What impact would government regulation have on content?

Part II of II

Transcript:

Siegel: Folks, welcome back in. Mike Siegel here. Good to have you with us at the BOSS Business Hour. We advocate for small business, obviously, and not the least of which concerns is this net neutrality, or internet regulation. We are joined by Seton Motley of lessgovernment.com and glad to have him with us. Mr. Motley, we have been talking about all this and the impact on small business and the content factor that is huge, because, look, there are small business organizations, National Federation of Independent Business, you have a variety of these businesses, you have associations, The American Small Business League, and you have state organizations as well throughout the country that represent small business and have a particular political point of view. They have websites, these organizations do. What about the impact on the content that those organizations present?
Seton: That is exactly right. I mean, this is the thing, as huge as the internet is now, every day that goes by we move a little bit further away from the old media model. You know, print journalism is going away. TV broadcast and cable television, more and more of that kind of content is being produced for exclusively the internet. Ten years from now when you get in your car it is going to be an internet radio on your dashboard, not a broadcast radio. So, all our news and information is moving to the web. That is why they are trying to snag it now before it gets any bigger and any more out of their control.
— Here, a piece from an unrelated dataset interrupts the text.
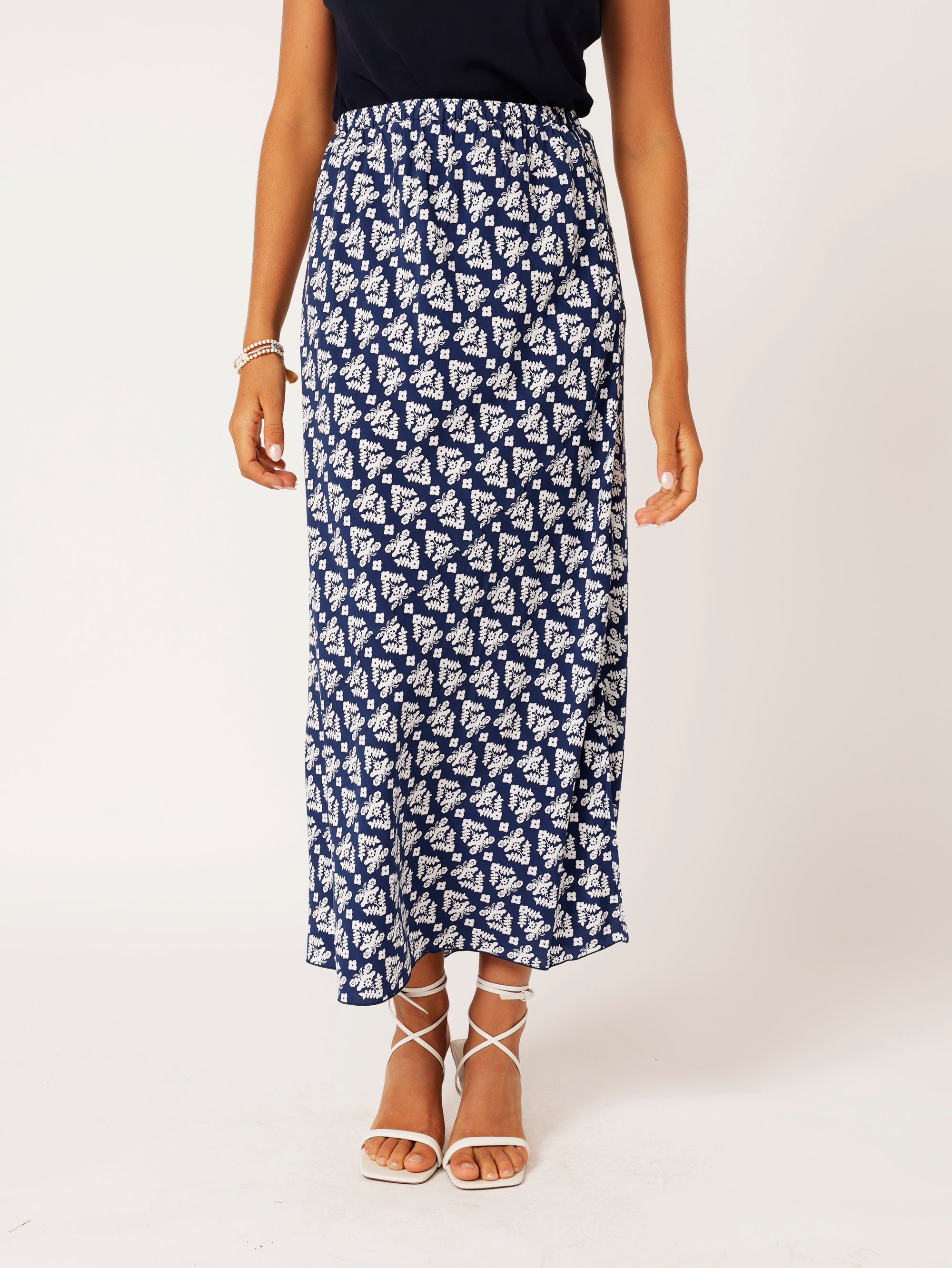 Bias Cut Skirt | Aztec Navy - Saffron Road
That is true from a free speech prospective, like your radio show, it is true from your business prospective. If you have a website, again, and you are contributing to conservatives, or doing some sort of business that they don't like, they can degrade what traffic comes to your website. The web is where it is going to be for a long time, certainly for the foreseeable future, and if they can get their hands on it they way they are talking about doing with this reclassification garbage, it is going to be severely damaging from a free speech prospective, a free market prospective. It is bad news.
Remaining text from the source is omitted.